Perils of Blog Scrapers

scraper-dangers-website There are several different types of website and blog content scrapers and many different activities that they use.  Some are harmless and some could be harmful to your websites health. 

Some but probably not all the types

  1. Copy and paste all your content onto their site with no credit
  2. Copy and paste and unreasonably large amount of content onto their site with no permission but with a link to your site as attribution
  3. Copy a paragraph of your content (or maybe a few sentences) and a link to your article saying something like -> “Here’s another great article about botox complications and hemorrhoids! “
  4. Running a short syndicated feed of your material (Headline, excerpt and link to your article)
  5. Building an entire news or blog site dedicated to doing number 4 with all the news and blog sites in the world (think
  6. Google news or Google Blog search) -
    1. Note. I am not passing judgement on Google for this behavior.  Google has been sued for this several times.

Click HereAny of the above (not counting Google news and the syndicated feed) can trigger a potential comment in wordpress with a trackback link in your comments that points to the permalink that referenced your site.
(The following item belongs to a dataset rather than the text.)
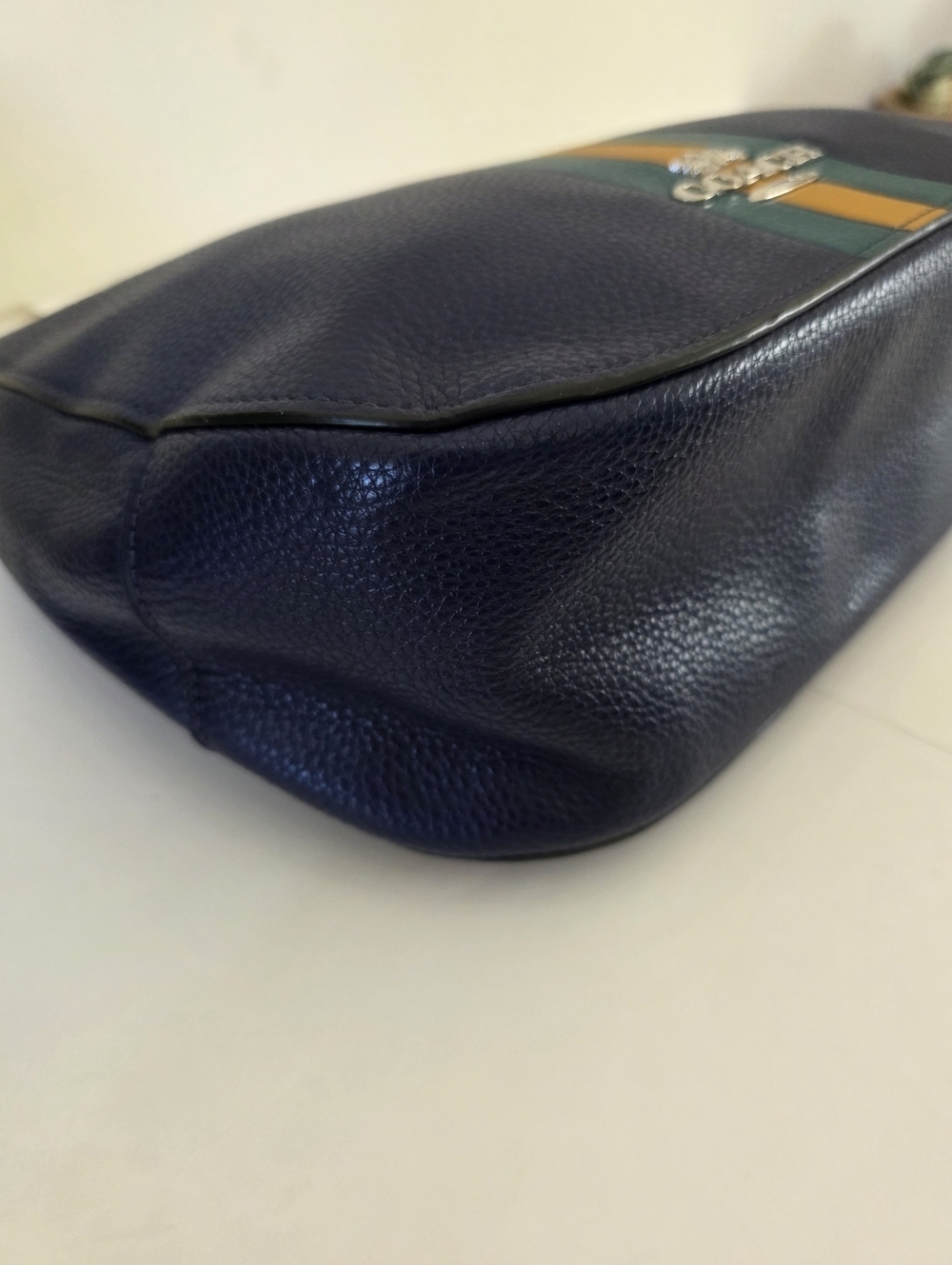 Coach Jes Hobo Cadet Multi Varsity Stripe Pebbled Leather Shoulder Bag - Picture 13 of 14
If you allow that comment to go through, you are allowing a nofollow link to point to that website.  You are not passing juice, but nofollow links are indexed and you could be mixing your site with a blacklisted neighborhood on the internet.  This could be very bad for your website health.

I recommend marking scraped trackback comments as SPAM, just to be safe at a minimum, remove the link from their trackback, and maybe just show their url address in text form.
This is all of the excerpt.